# 14" Rhom First Day In His New Home.



## DaElongatus (Jul 30, 2005)

just set up the tank today and put the rhom in. The water is still alittle couldy, lots of changes to be made, quick iphone pix.

rhom is beaten up from the move. he was pretty upset.


----------



## BRUNER247 (Jun 2, 2010)

Man fish looks sweet! Whole setup looks awesome. Really like your background. Is that homemade?


----------



## DaElongatus (Jul 30, 2005)

BRUNER247 said:


> Man fish looks sweet! Whole setup looks awesome. Really like your background. Is that homemade?

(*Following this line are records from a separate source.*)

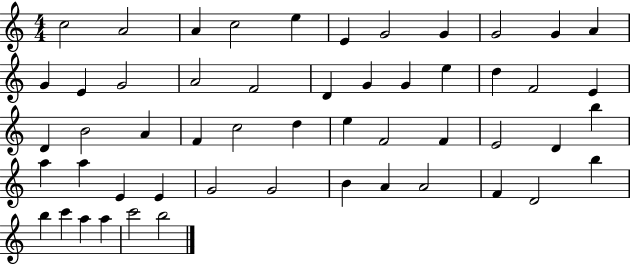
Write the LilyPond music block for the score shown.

{
  \clef treble
  \numericTimeSignature
  \time 4/4
  \key c \major
  c''2 a'2 | a'4 c''2 e''4 | e'4 g'2 g'4 | g'2 g'4 a'4 | \break g'4 e'4 g'2 | a'2 f'2 | d'4 g'4 g'4 e''4 | d''4 f'2 e'4 | \break d'4 b'2 a'4 | f'4 c''2 d''4 | e''4 f'2 f'4 | e'2 d'4 b''4 | \break a''4 a''4 e'4 e'4 | g'2 g'2 | b'4 a'4 a'2 | f'4 d'2 b''4 | \break b''4 c'''4 a''4 a''4 | c'''2 b''2 | \bar "|."
}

Thanks! the background is called slimline


----------



## FEEFA (Nov 19, 2007)

Glad to see you got the bigger tank, congrats and the fish looks great


----------



## His Majesty (Apr 5, 2005)

Congrats on the new tank. the rhom is looking great.


----------



## Blue Flame (Jan 16, 2006)

Looks great....what size tank is that?


----------



## jp80911 (Apr 3, 2008)

nice rhom, it looks sweet in the tank and setup


----------



## Ja'eh (Jan 8, 2007)

Glad to see Attila is doing great, probably the only piranha I sold that I still miss. Congratz on the upgrade, it looks great.


----------



## primetime3wise (Sep 28, 2003)

awesome setup and rhom, i really like your background, lighting, and the rest of your setup


----------



## TheCableGuy (Feb 22, 2005)

primetime3wise said:


> awesome setup and rhom, i really like your background, lighting, and the rest of your setup


x2








Where did you get your background?


----------



## JoeDizzleMPLS (Nov 5, 2007)

Lookin real good


----------



## DaElongatus (Jul 30, 2005)

thank you for all the kind words


----------



## DaElongatus (Jul 30, 2005)

Blue Flame said:


> awesome setup and rhom, i really like your background, lighting, and the rest of your setup


x2








Where did you get your background?
[/quote]

it came with the tank. i was going to buy even more 3d background and get a brandnew 220 setup, but this deal came up i decided to save some money. i know a company that sells them. if you are interested pm me ill get you a link. thanks !


----------



## ICEE (Feb 3, 2007)

nice looking big rhom and setup


----------



## Da' Manster! (Sep 1, 2009)

Excellent setup and Rhom!...and to think that Ja'eh had a hard time giving this beast away at $200 - 300??!!!!...effin' steal of the century!!!..





















........





















....PS...I absolutely love and adore, Cookie!!..Your Shar Pei in the avatar!..they are bad ass dogs!...


----------



## flex fish (Aug 20, 2010)

How did you put those pics on from your Iphone I've got lots of pics of my fish and can't put them on


----------



## Ba20 (Jan 29, 2003)

Nice Rhom


----------



## james79 (Sep 11, 2009)

nice rhom mate


----------



## T-wag (May 21, 2009)

lookin sexy bro hows his attitude?


----------